_What to work on_: The answer must be the full data, restated word for word, with no pictures in it.

_Provided records_:
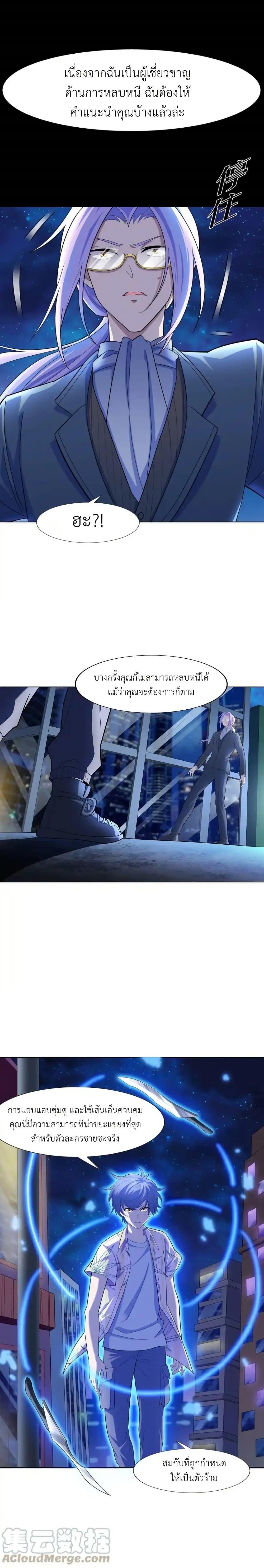Manga-lc-com อ่านมังงะ อ่านการ์ตูน ออนไลน์ ฟรี There Will Always Be Someone To Disturb My AFK Life ตอนที่ 1 2 3 4 5 6 7 8 9 10 11 12 13 14 ฟรี ไม่มีโฆษณา Manga-lc - อ่าน มังงะ อ่าน การ์ตูน ออนไลน์ อ่านมังงะ ฟรี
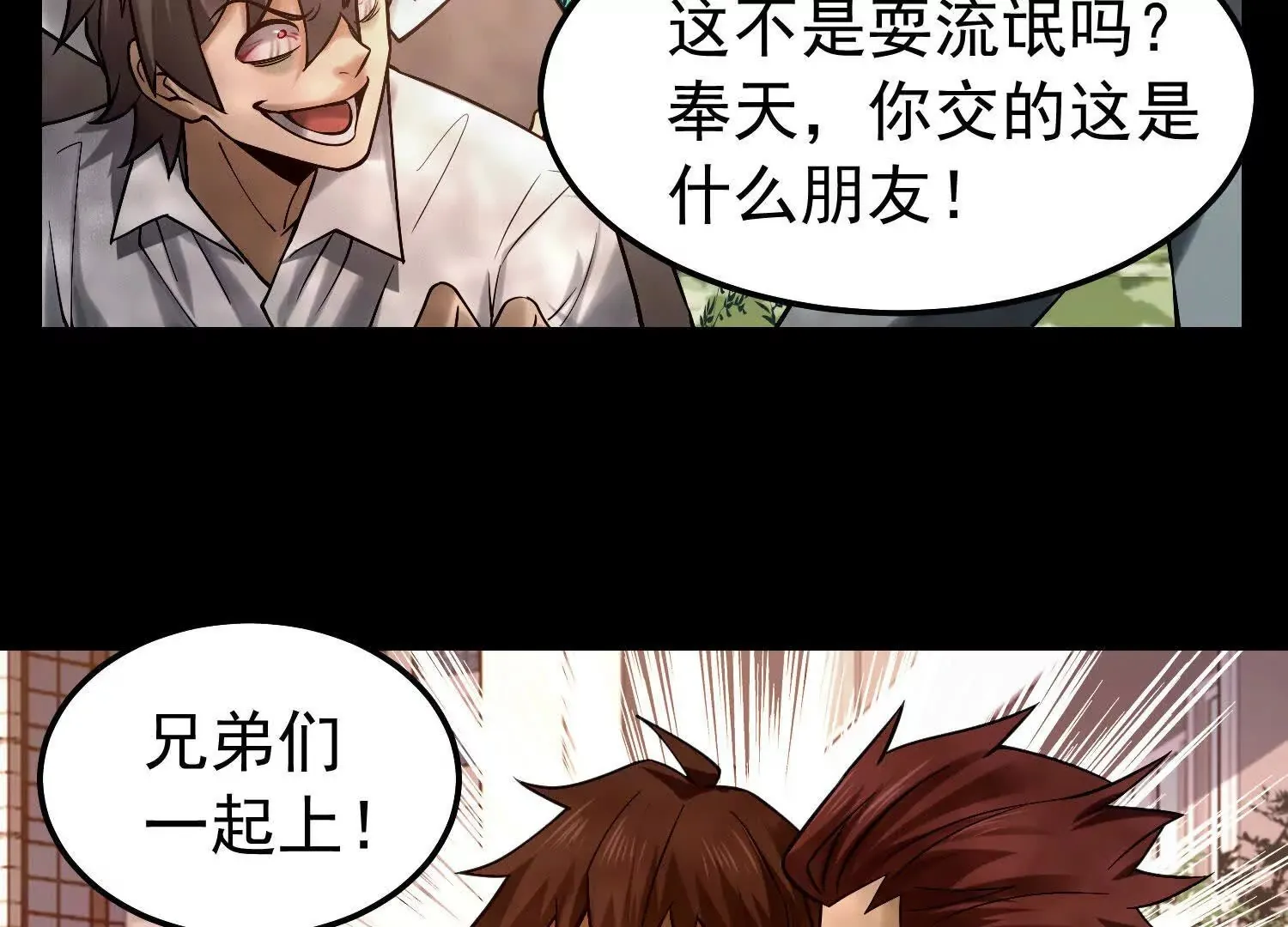 28 损友色鬼上身 第43页
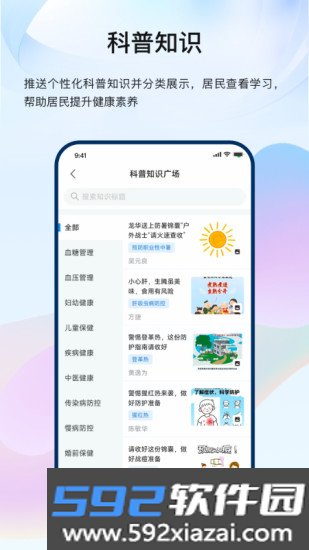 龙华家医最新版本截图2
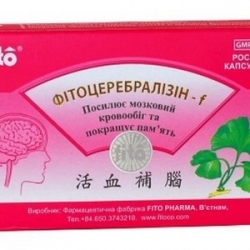 Фитоцеребрализин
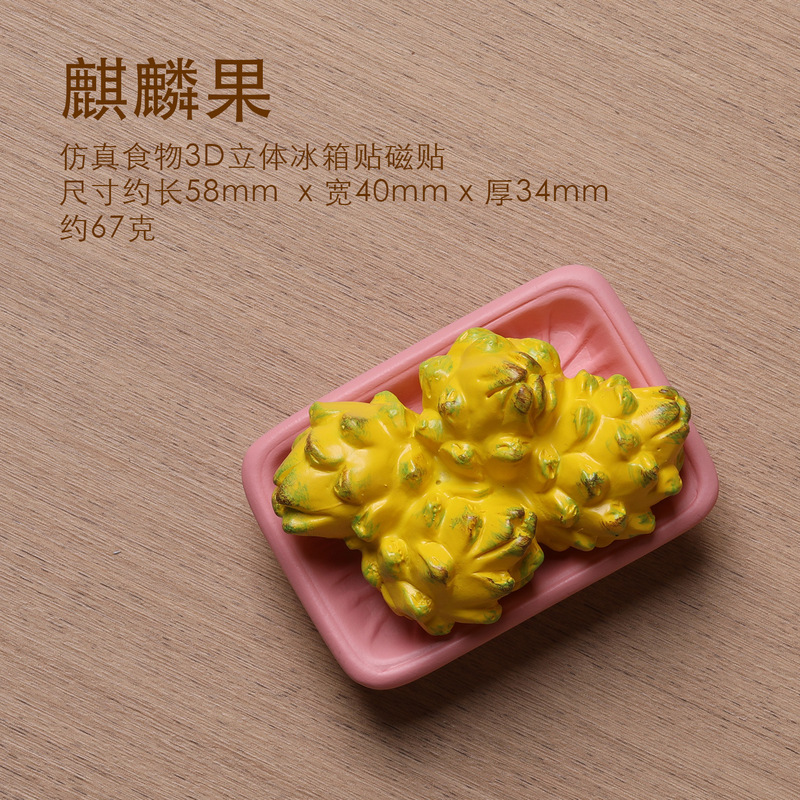 2025新款水果榴莲橘子冰箱贴三文鱼海鲜磁贴食物美食立体磁性贴|undefined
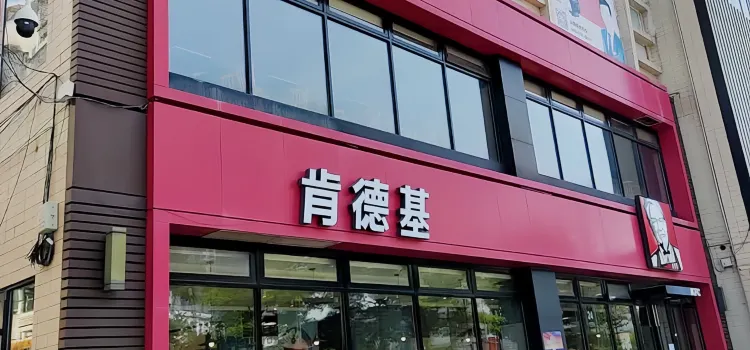 肯德基（羅定店）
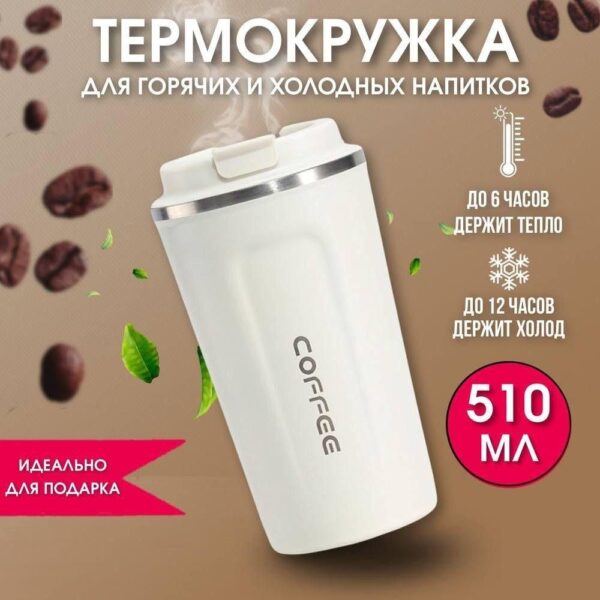 Термокружка ELAF HOME — изображение 2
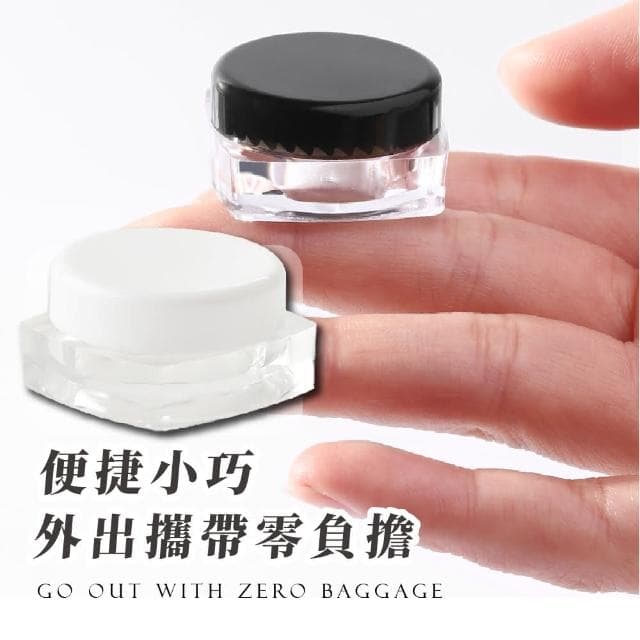 【蕉蕉購物】面霜分裝盒化妝品 試用小樣 分裝瓶 隨身瓶 旅行組 保養品分裝 軟膏 出國旅行便攜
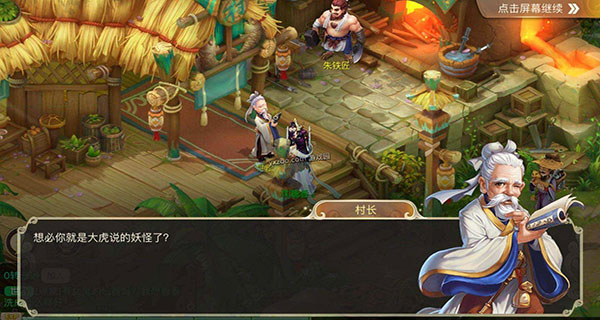 大话西游百度版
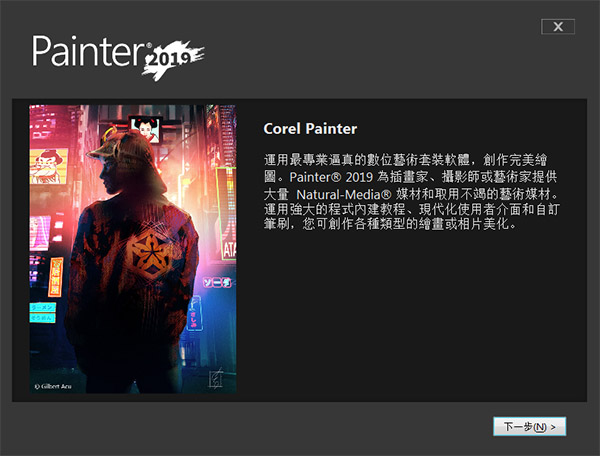 Corel Painter 2019截图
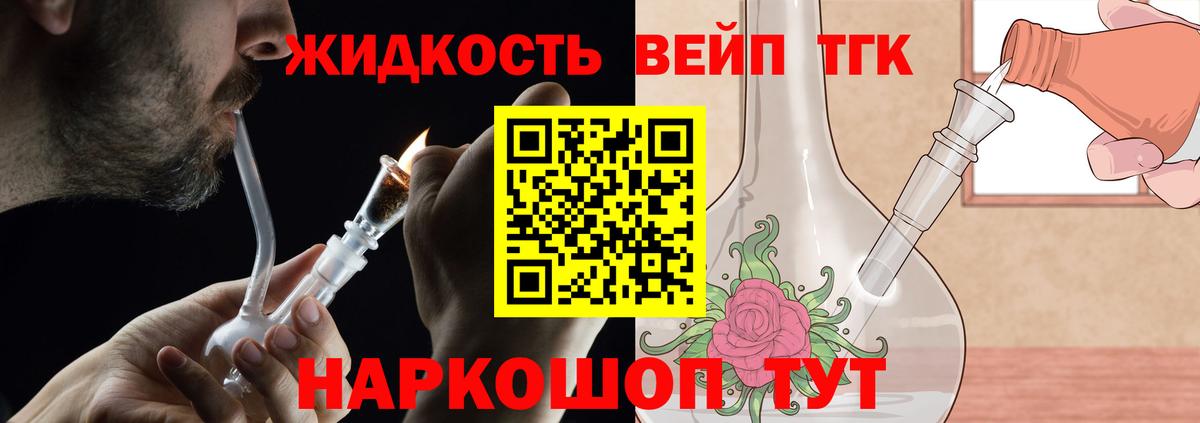 Дистиллят ТГК вейп Ноябрьск
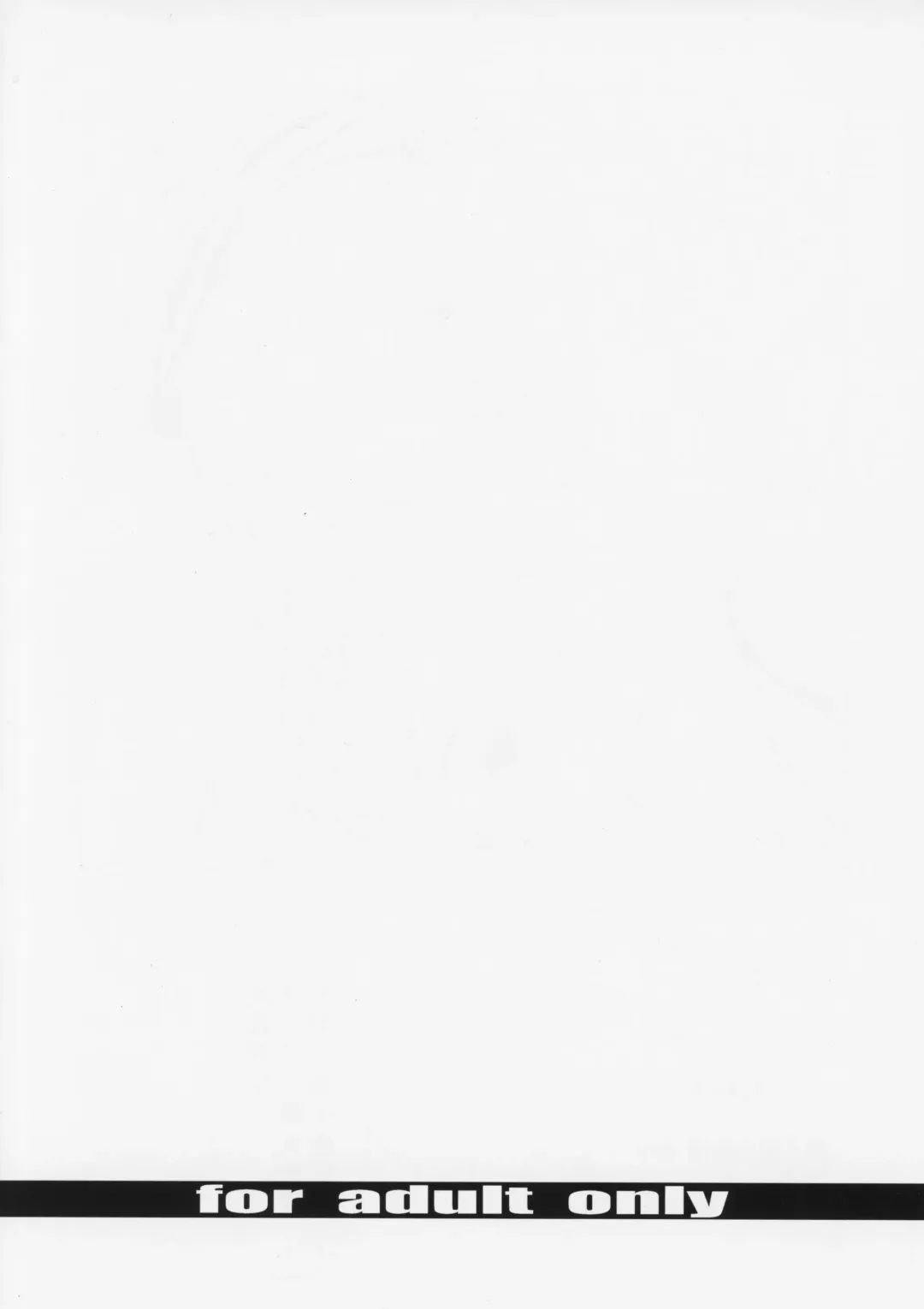 [Miharu] UJ vol. 2 Fhentai - Page 18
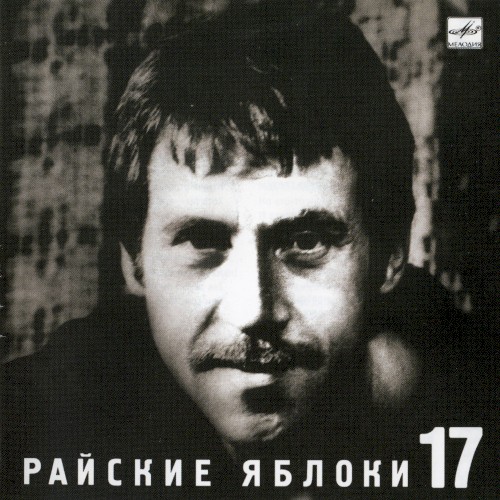 Райские яблоки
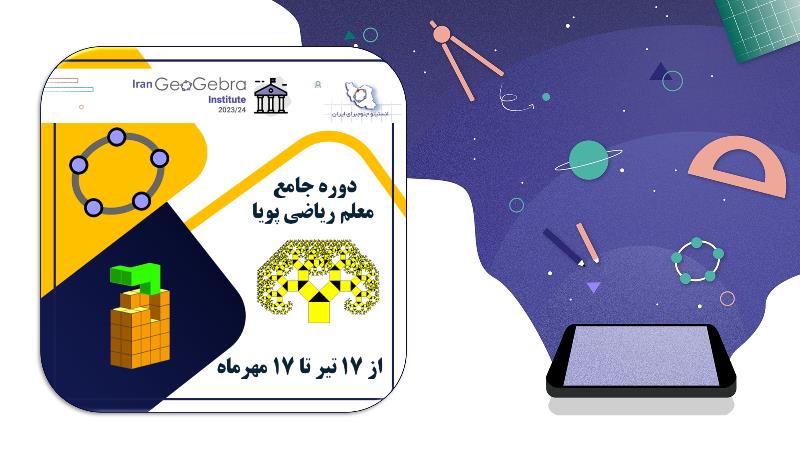 دوره جامع معلم ریاضی پویا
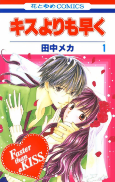 Cover of Related works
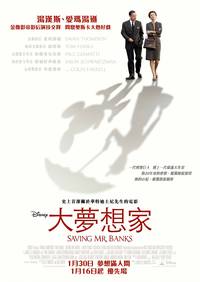 Постер Спасение мистера Бэнкса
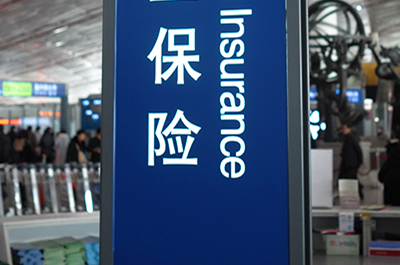 1575881665983210.jpg 2018年1月9日航空保险1.jpg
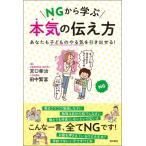 NGから学ぶ本気の伝え方 あなたの子どものやる気を引き出せる! / 宮口幸治  〔本〕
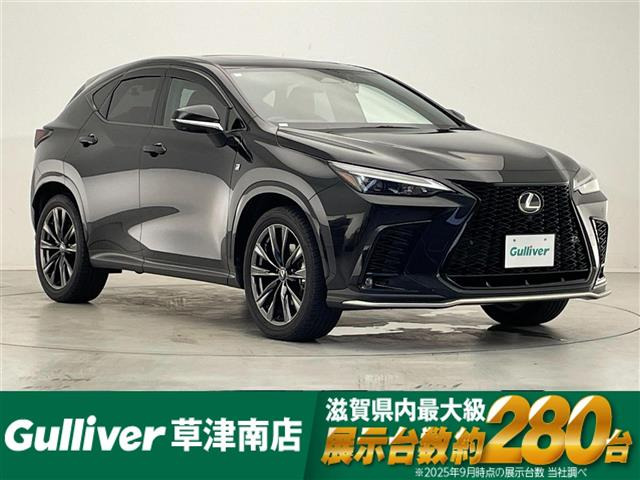 NX350h Fスポーツ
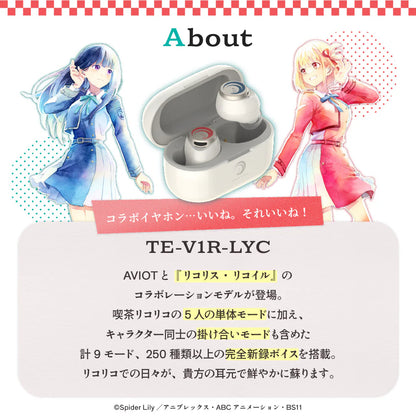 Lycoris Recoil x AVIOT - Limited Edition Wireless Earphones [Pre-Order Oct 2026]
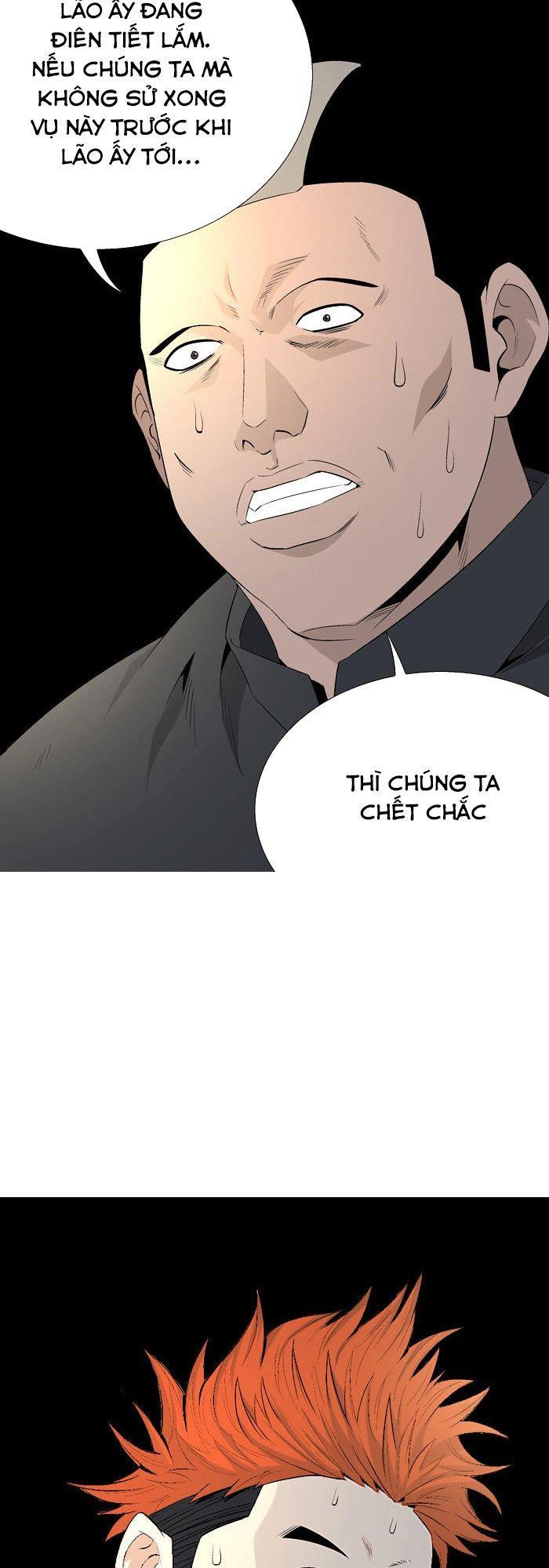 aura from another planet chapter 38 22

_Worked solution_:
Manga-lc-com อ่านมังงะ อ่านการ์ตูน ออนไลน์ ฟรี There Will Always Be Someone To Disturb My AFK Life ตอนที่ 1 2 3 4 5 6 7 8 9 10 11 12 13 14 ฟรี ไม่มีโฆษณา Manga-lc - อ่าน มังงะ อ่าน การ์ตูน ออนไลน์ อ่านมังงะ ฟรี
 28 损友色鬼上身 第43页
 龙华家医最新版本截图2
 Фитоцеребрализин
 2025新款水果榴莲橘子冰箱贴三文鱼海鲜磁贴食物美食立体磁性贴|undefined
 肯德基（羅定店）
 Термокружка ELAF HOME — изображение 2
 【蕉蕉購物】面霜分裝盒化妝品 試用小樣 分裝瓶 隨身瓶 旅行組 保養品分裝 軟膏 出國旅行便攜
 大话西游百度版
 Corel Painter 2019截图
 Дистиллят ТГК вейп Ноябрьск
 [Miharu] UJ vol. 2 Fhentai - Page 18
 Райские яблоки
 دوره جامع معلم ریاضی پویا
 Cover of Related works
 Постер Спасение мистера Бэнкса
 1575881665983210.jpg 2018年1月9日航空保险1.jpg
 NGから学ぶ本気の伝え方 あなたの子どものやる気を引き出せる! / 宮口幸治  〔本〕
 NX350h Fスポーツ
 Lycoris Recoil x AVIOT - Limited Edition Wireless Earphones [Pre-Order Oct 2026]
 aura from another planet chapter 38 22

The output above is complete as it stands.